No puede ser, Sara, Alfonso es muy mal enfermo, se pone muy pesado, pierde el control enseguida…
Ella insistió, le recordó que lo había tenido en su casa diez días cuando Maribel estuvo en el hospital, que entonces todos estaban mucho peor que ahora, que se había portado estupendamente, que ella tenía sitio, y tiempo, y costumbre de cuidar enfermos. Haz lo que quieras, añadió al final, pero sería una tontería que no os fuerais.
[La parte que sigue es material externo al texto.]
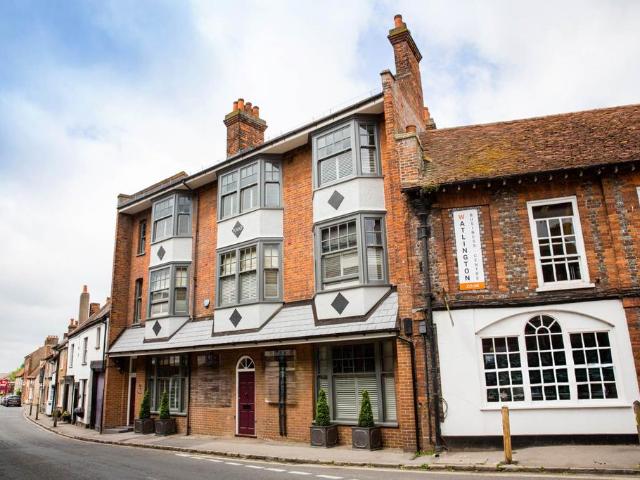 Flat for sale in Berrick Salome, Oxfordshire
No va a pasar nada, y si pasara, siempre puedo llamar a la enfermera esa que te hace de canguro… El miércoles, Alfonso sólo tuvo unas décimas, y se pasó la tarde levantado. El jueves por la mañana, a las ocho en punto, con unas quince horas de retraso sobre el horario previsto, Juan lo dejó en su casa y se marchó a Madrid. A las tres de la tarde, llamó para decir que habían llegado bien y ya estaban comiendo. A las seis, para contarle que estaban mirando una placa donde se leía que aquélla era la calle Concepción Jerónima y que se acordaban mucho de ella. A las nueve, Sara le prohibió que volviera a llamar hasta la mañana siguiente, y entonces fue aún más estricta. Alfonso no tiene fiebre, los dos
estamos muy bien y el timbre del teléfono nos molesta. Yo tengo el número de tu móvil, si pasa algo ya te llamaré, y si no, no se te ocurra volver a llamar hasta el domingo por la mañana, para decirme a qué hora pensáis salir. Le hubiera gustado hablar con Maribel, pero sabía que ella no iba a querer contarle nada delante de los demás. Ella, que se había apresurado a renunciar al viaje para quedarse a cuidar de Alfonso antes de que se le ocurriera a la propia Sara, era la única que no había agradecido su intervención, pero Juan parecía tan empeñado en la suprema insensatez de llevársela a Madrid que no quiso ni detenerse a considerar aquella posibilidad.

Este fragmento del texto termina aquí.